The U.S. Food and Drug Administration (FDA) approved a supplemental application for Opdivo (nivolumab) for efficacy on July 31, 2017. This approval, submitted by Bristol Myers Squibb, signifies an update to the drug's approved uses based on new efficacy data.
Background
Nivolumab, marketed as Opdivo, is an established immunotherapy. As an immune checkpoint inhibitor, it works by blocking the PD-1 pathway, which can help the body's immune system recognize and fight cancer cells.

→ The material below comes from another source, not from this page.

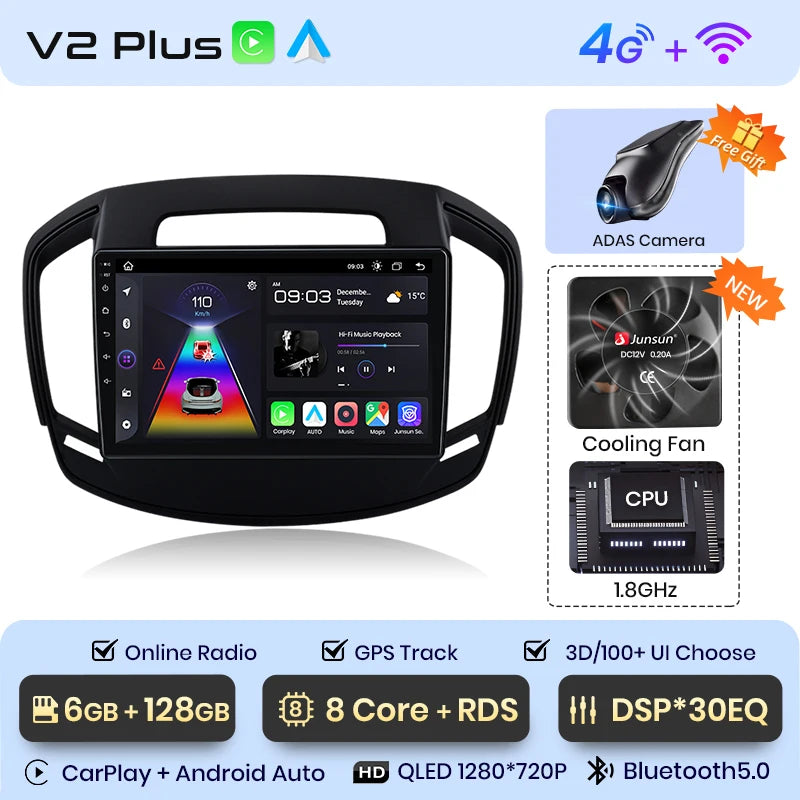 Junsun V1 Plus Car Radio For Opel Insignia 2013 - 2017 wireless CarPlay Android Auto car intelligent systems No 2 din 2din DVD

This supplemental approval specifically addressed the efficacy profile of the drug, building upon its existing approvals.
What this means
A supplemental application approval for efficacy typically indicates that new clinical data supports an expanded or refined use for an already approved drug. While the specific details of the new indication, patient population, or dosing regimen are not provided in the source data, this approval confirms the FDA's acceptance of additional efficacy evidence for Opdivo (nivolumab). For clinicians, this means an updated label that may offer new treatment options or clarify existing ones for patients, potentially broadening the scope of its application in clinical practice.
Source
This information was sourced from the U.S. Food and Drug Administration (FDA) on July 31, 2017. The details are available on the FDA's website, accessdata.fda.gov, under the supplemental application BLA 125554 S-34.